Hello

Do you know how sad it can be?  I’m sure you do.  Dear reader, don’t despair beyond the length of time it takes to heal.  Go out with your friends.  Listen to your favorite happy song and if you have time, relish the feel of the wind on your face.  Remember how it is to have loved someone without fear or inhibitions.  Continue to trust that you will find that other person one day.  I’m sure he or she is waiting for you too.  Meanwhile, live a life that makes you productive, creative and happy.  I am living my life towards its fruition, no matter how I choose to live it.  My life will end one day.  In another time, it already has.

I know how lonely it can be, watching everyone live the lives you would want for yourself.  They seem to know what to do.  They’re getting it right, you’re getting it wrong.  Families are starting, careers are taking off.  He knows what he wants to do and she is rising like a rocket, determined, ambitious and living that cosmopolitan life.  You see pictures that speak volumes of what other people experience.   But catch yourself from feeling sorry for yourself.  Those are only pictures.  We all know how easy it is to fake a smile.

I can’t give you advice except to just keep going.  For some of us, there’s really no choice except to keep on living.  But I beg you, work hard to be happy.  It’s hard, it really is.  I wish every day that I could wake up with a purpose and goal in mind.  I’ve never stopped wanting to be responsible, hard-working and industrious.  I’m scared, like you are.  I oftentimes feel ill-equipped to live a full life.  We all have our reasons, all of them valid I’m sure.  But here we are, my friend.  These are the cards we have been dealt with.  I haven’t been doing very well for myself, in terms of what society expects from me.  I seem to want and value irresponsible, unnecessary things.  I feel sad about it, every day.  But this is who I am and I’m still trying to figure out if that’s okay and I should work with who I am, or if it’s destructive and I’m horrible, and I should morph into another version of myself.  Sometimes I think my entire being is wrong.

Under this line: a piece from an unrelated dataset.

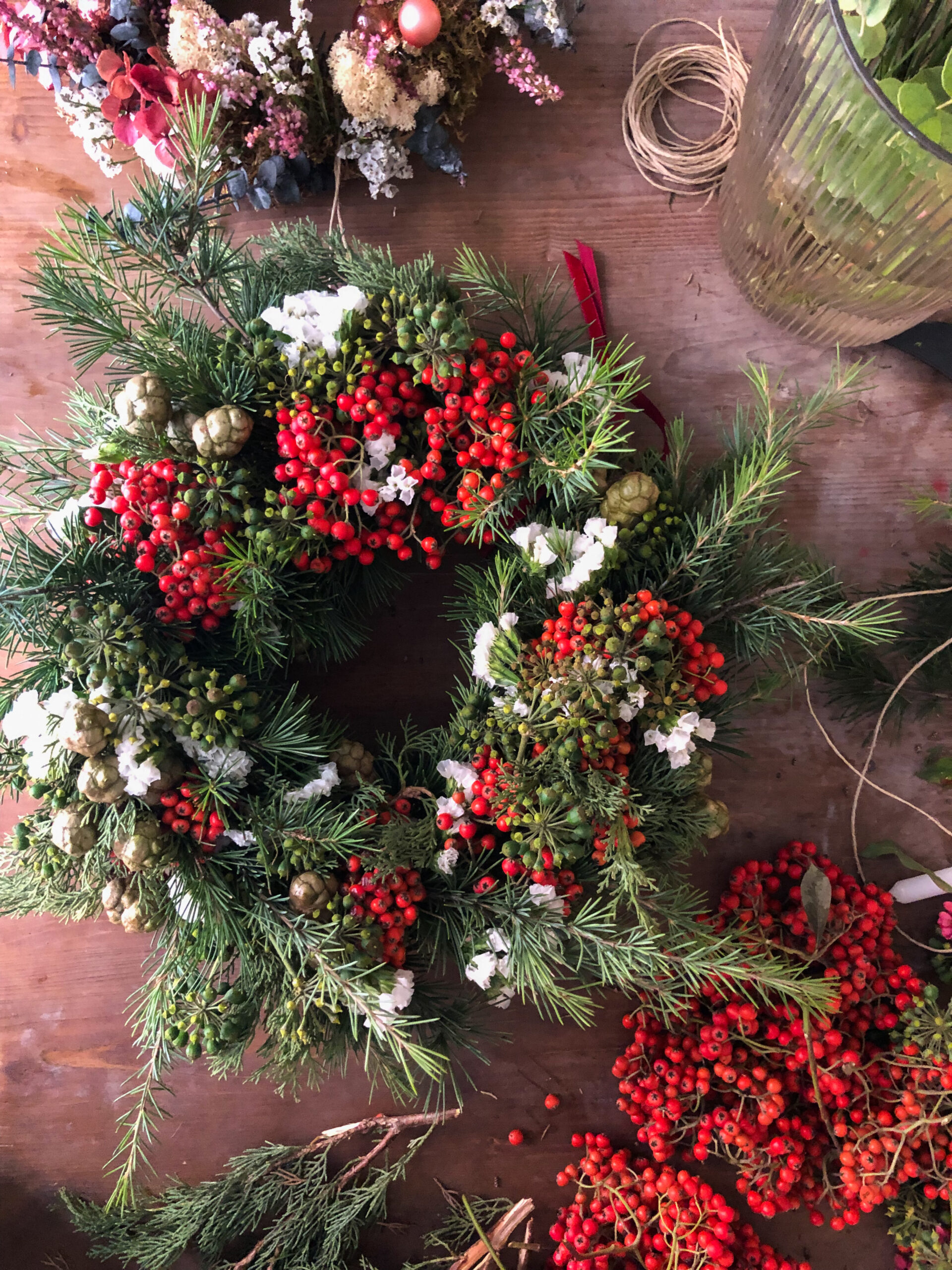 atelier couronne de l'avant de porte activité manuelle noël fleurs fraîches locales fleurs séchées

I don’t have the answers, friend.  I just want you to know that you’re not alone.  I read different blogs, thoughts and sentiments from different kinds of us, all over the world.  We look at Yahoo! and wish we could be “happy” like them.  Or at least, know what we’re supposed to do here.

Despite my deep sadness, despite the loneliness.  Despite the feelings of helplessness that paralyzes me at random times of the day, I still believe it is our responsibility to discover what we’re here for.  What makes me happy?  What can I do well?  What can I work with?  Who am I?  And don’t even get me started on the topic of “trying to love another person the best we can” even as we struggle with all these questions and anxieties about life.

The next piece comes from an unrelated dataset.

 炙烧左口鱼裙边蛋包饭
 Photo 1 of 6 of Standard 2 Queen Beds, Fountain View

I haven’t pictured my life beyond June of 2013.  I haven’t pictured my life beyond the events I’m sure of attending.  It breaks my heart to think of the life I’ll lead without seeing you once in awhile.  But we’re still here, aren’t we?  Googling the answers to our questions, reading books that could help us figure things out.  I cry every day, you know.  I’m sure you do too, in your own way.  But have you noticed?  Whenever life gets too difficult, a friend calls?  A warm hug envelops us.  The sun sets in just the right way and we’re stunned into stupefaction by the beauty and wonder of the world.  Or some version of that in your case?  Have you noticed the little pick-me-uppers in the every day?

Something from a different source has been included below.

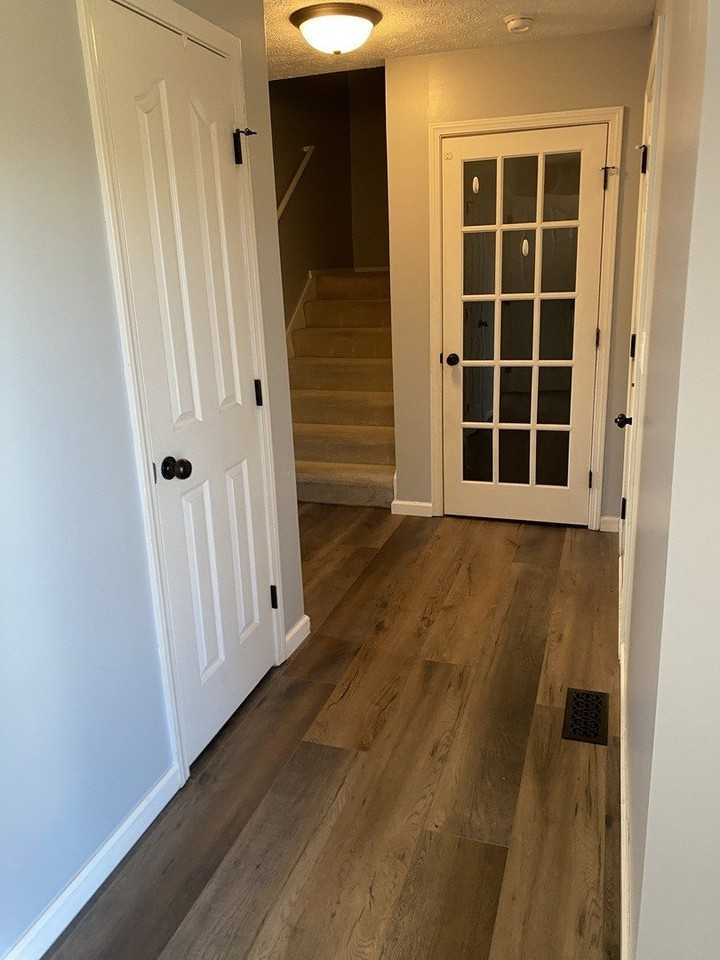 1704 Sunrise Pt - Photo 3 of 26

The only thing I can offer is this:  If you can, try to see the tiny signs of love and encouragement the universe has left for you.  It’s there in that very pretty sunset.  That warm touch on your elbow.  The look in his eyes when you smile at him.  Warm soup served in the cafeteria.  A soothing memory of a time when you felt safe and loved.  A cool cup of Serenitea.

I love you, whoever you are.  I wish I could embrace you and whisper, “Everything will be okay.”  But I know things will never be really okay, for you or me.  But we can choose to hope.  We can choose to be happy.  We can choose to live with beauty.  We can choose to continue living our life (like a rockstar!) to its fruition, to live fully in this world for as long as we can.  We can choose to be a blessing to each other.  One thing we can be sure of, our time here will end one day.

“You are a child of the universe, no less than the trees and the stars…”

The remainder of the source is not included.